Exercise instructions
Although the data below contains pictures, output only the lines between those holding "Hennessy X.O. 40%" and "Dr. Martens Kid", inclusive, exactly and without those pictures.

Material supplied
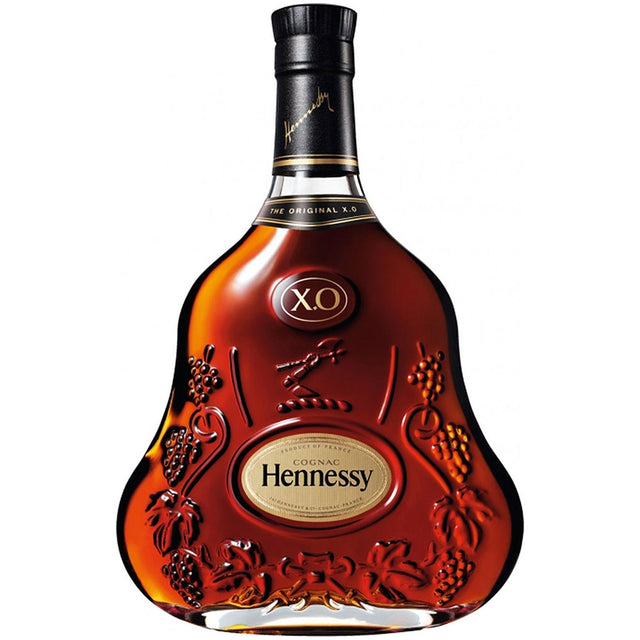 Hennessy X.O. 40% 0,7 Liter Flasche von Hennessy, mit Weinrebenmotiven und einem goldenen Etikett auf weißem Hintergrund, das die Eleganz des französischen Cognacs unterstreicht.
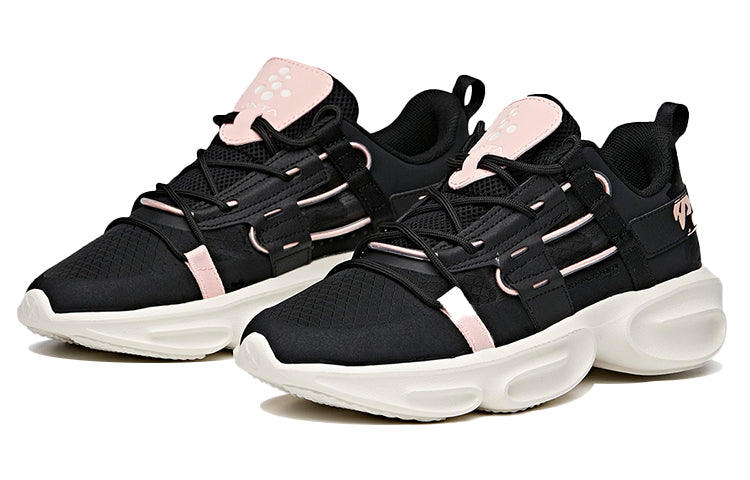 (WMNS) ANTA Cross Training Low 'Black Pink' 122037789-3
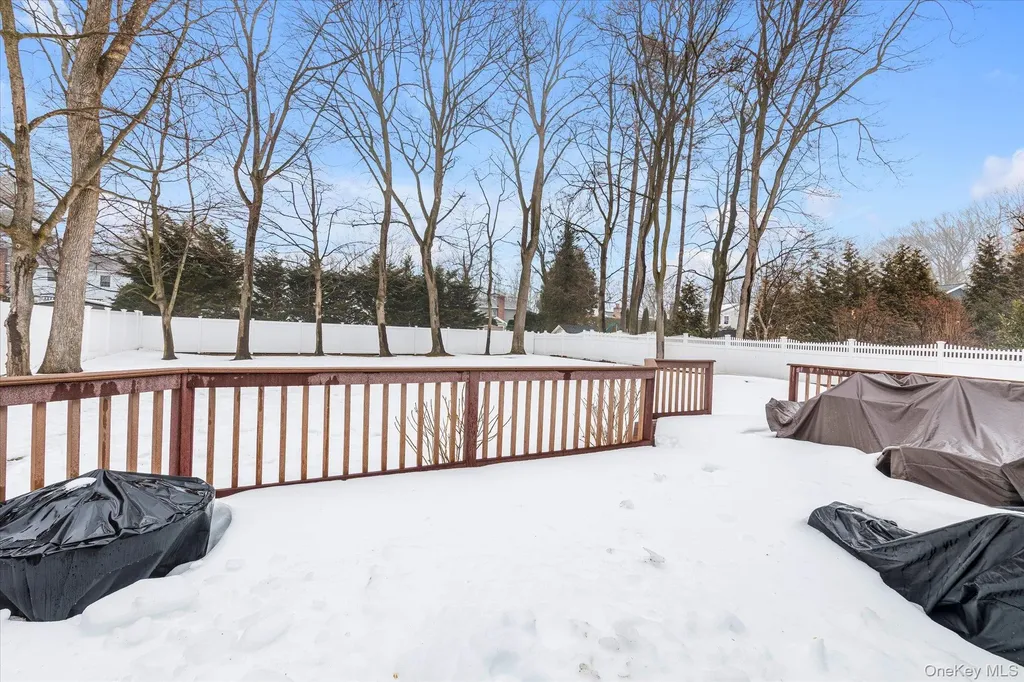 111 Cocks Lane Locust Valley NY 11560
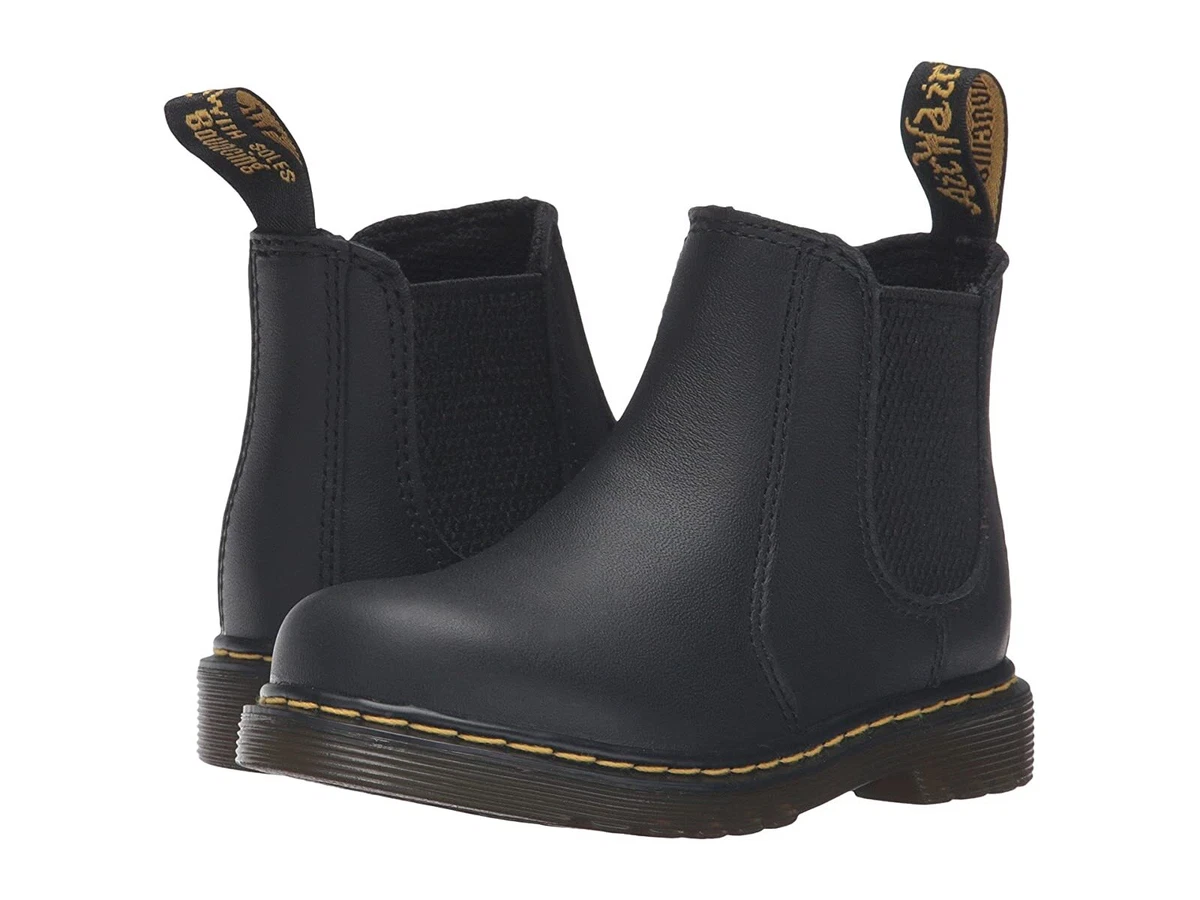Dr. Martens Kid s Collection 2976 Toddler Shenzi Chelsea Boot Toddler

--

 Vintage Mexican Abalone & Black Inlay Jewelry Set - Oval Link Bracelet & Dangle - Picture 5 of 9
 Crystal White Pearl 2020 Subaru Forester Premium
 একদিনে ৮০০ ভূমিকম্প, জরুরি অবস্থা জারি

--

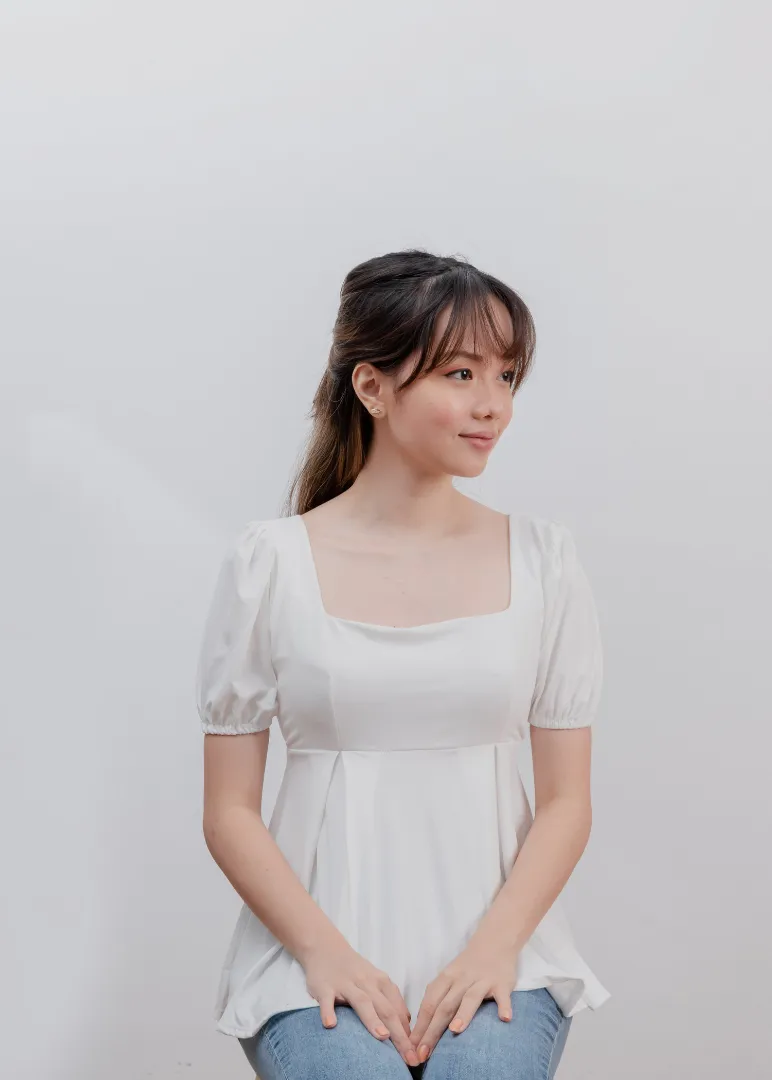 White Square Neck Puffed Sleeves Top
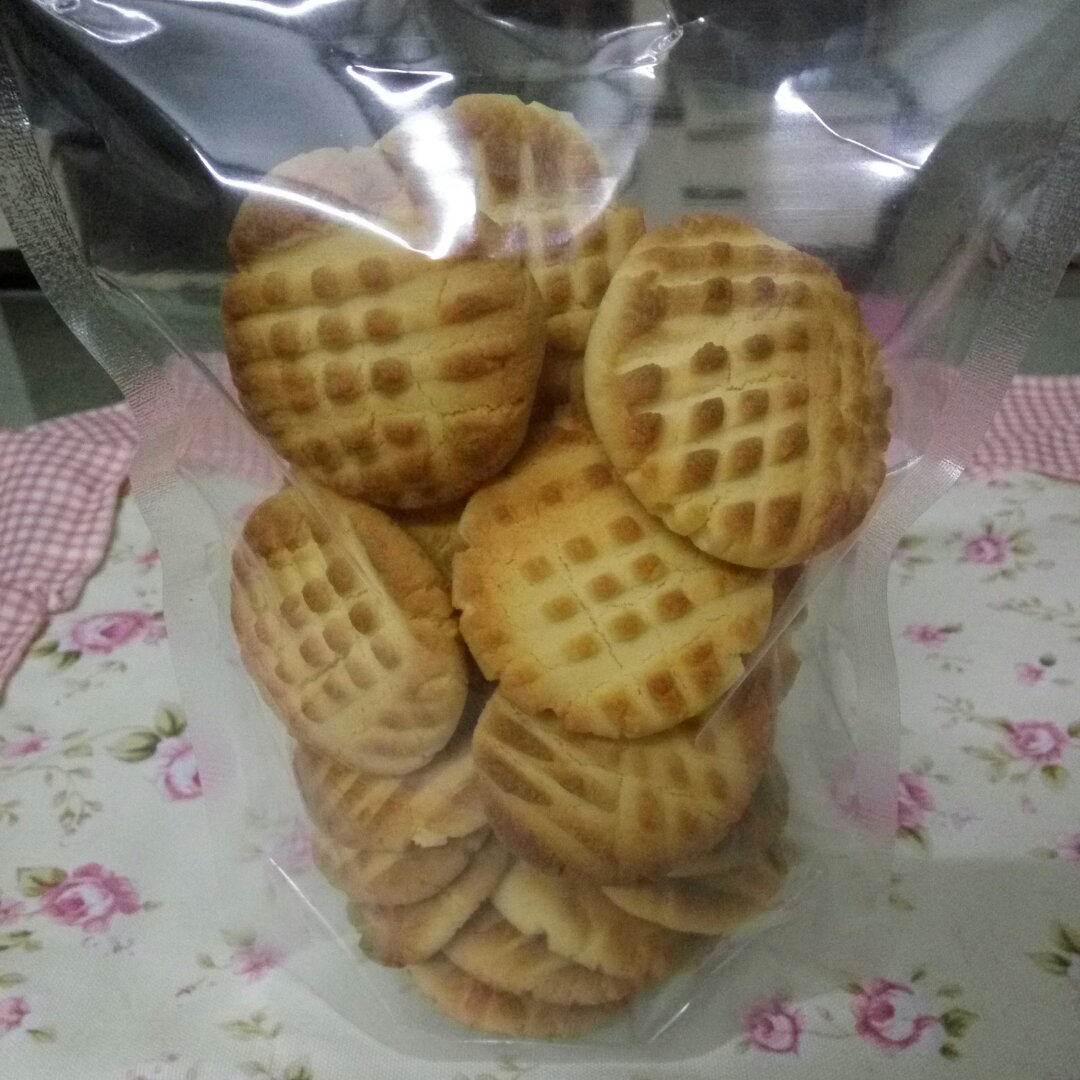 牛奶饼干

Your response
 Hennessy X.O. 40% 0,7 Liter Flasche von Hennessy, mit Weinrebenmotiven und einem goldenen Etikett auf weißem Hintergrund, das die Eleganz des französischen Cognacs unterstreicht.
 (WMNS) ANTA Cross Training Low 'Black Pink' 122037789-3
 111 Cocks Lane Locust Valley NY 11560
Dr. Martens Kid s Collection 2976 Toddler Shenzi Chelsea Boot Toddler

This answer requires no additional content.